Problem details
Reproduce the listing below from the line with "Ania Haie Silver Smooth Twist Stud Earrings" to the line with "Wir sind ein Volk (black)", both lines included, character for character, minus any pictures.

Supplied material
######

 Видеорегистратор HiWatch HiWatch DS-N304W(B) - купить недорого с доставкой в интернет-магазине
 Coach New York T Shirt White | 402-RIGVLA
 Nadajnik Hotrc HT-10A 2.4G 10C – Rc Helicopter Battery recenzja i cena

######

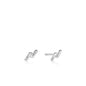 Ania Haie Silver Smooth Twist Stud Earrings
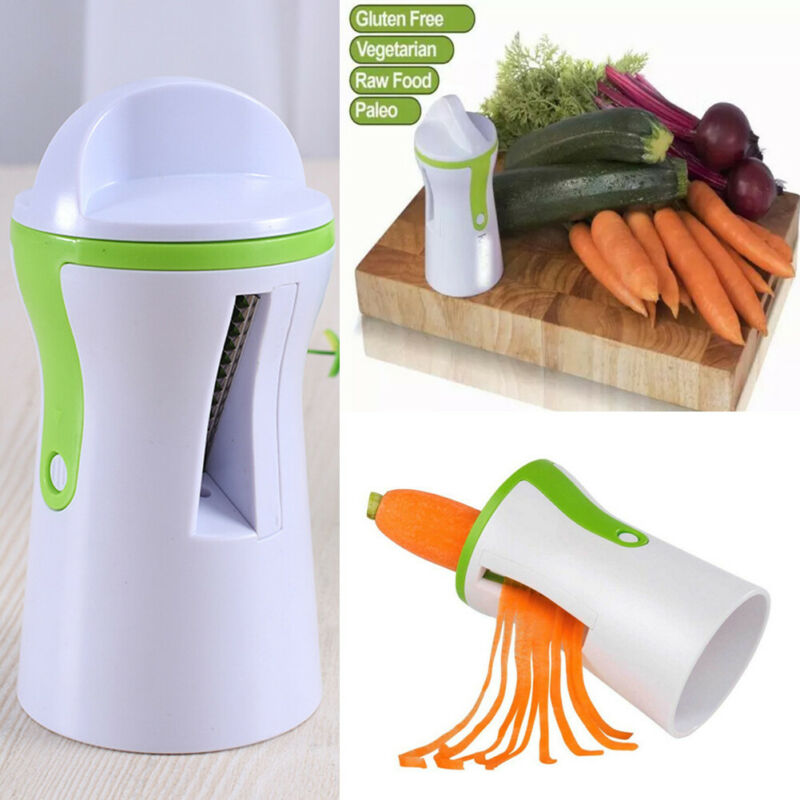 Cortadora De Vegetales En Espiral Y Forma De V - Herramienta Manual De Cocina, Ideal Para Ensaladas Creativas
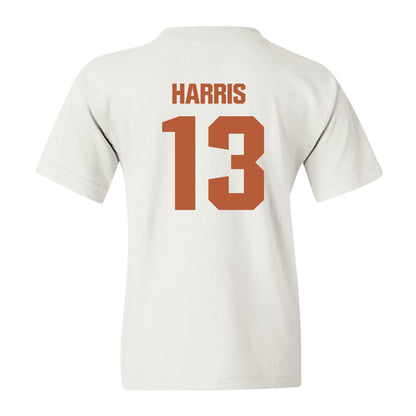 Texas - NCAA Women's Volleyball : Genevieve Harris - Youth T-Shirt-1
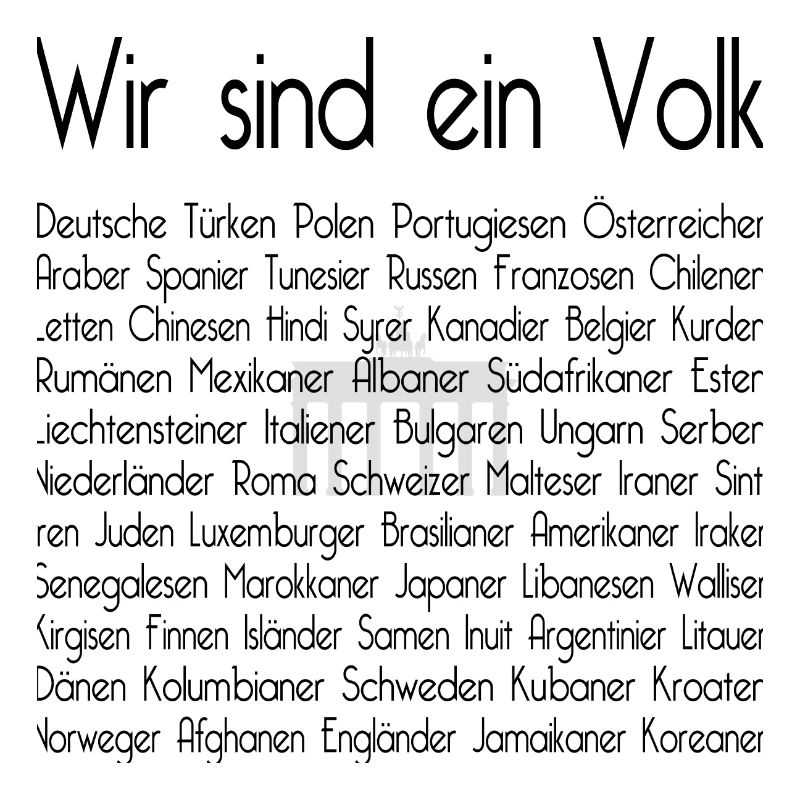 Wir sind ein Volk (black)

######

Exercise answer
 Ania Haie Silver Smooth Twist Stud Earrings
 Cortadora De Vegetales En Espiral Y Forma De V - Herramienta Manual De Cocina, Ideal Para Ensaladas Creativas
 Texas - NCAA Women's Volleyball : Genevieve Harris - Youth T-Shirt-1
 Wir sind ein Volk (black)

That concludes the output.